* Input material:
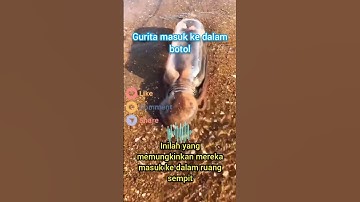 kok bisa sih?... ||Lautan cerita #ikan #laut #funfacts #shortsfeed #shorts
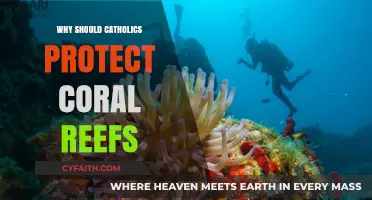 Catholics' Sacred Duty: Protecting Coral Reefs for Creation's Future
* * *
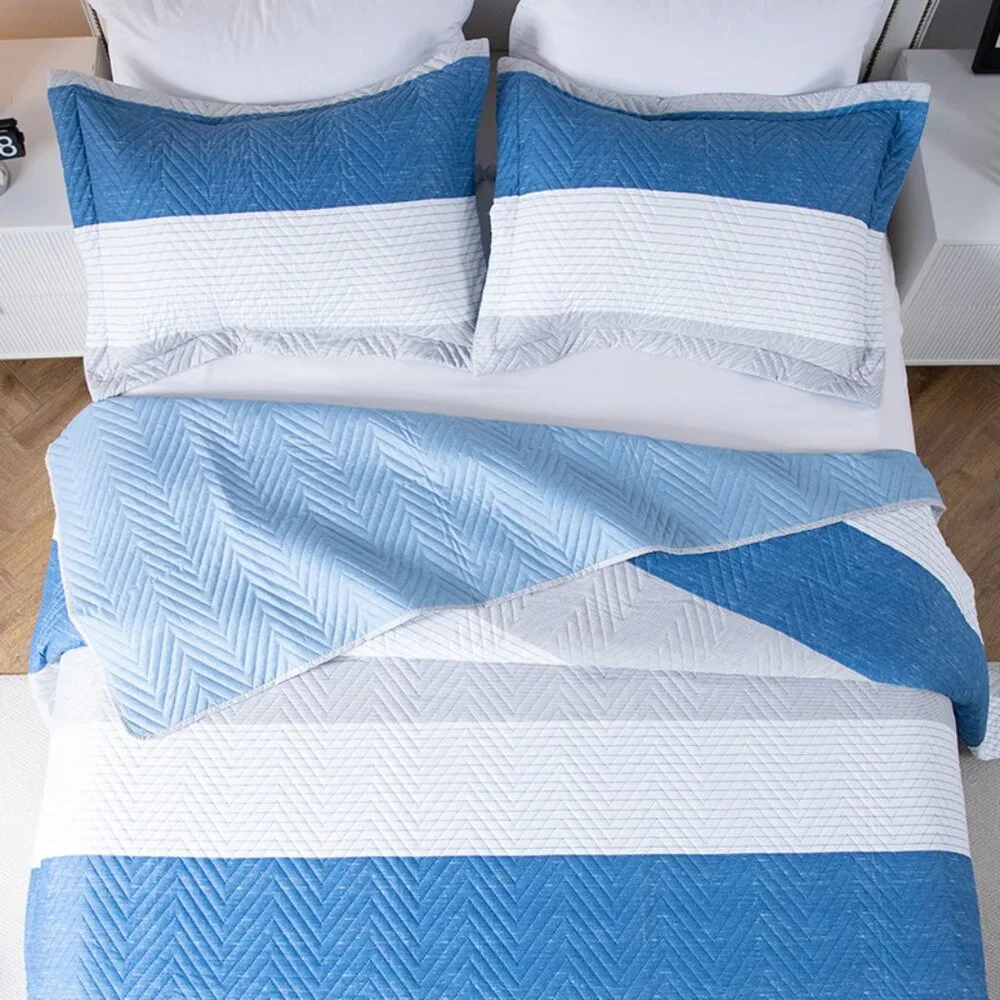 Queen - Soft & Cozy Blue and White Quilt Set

* Exercise directions: Leave the pictures out, and transcribe exactly the lines above starting at the one that contains "kok bisa sih?..." and ending at the one that contains "Catholics' Sacred Duty: Protecting".

* Task response:
 kok bisa sih?... ||Lautan cerita #ikan #laut #funfacts #shortsfeed #shorts
 Catholics' Sacred Duty: Protecting Coral Reefs for Creation's Future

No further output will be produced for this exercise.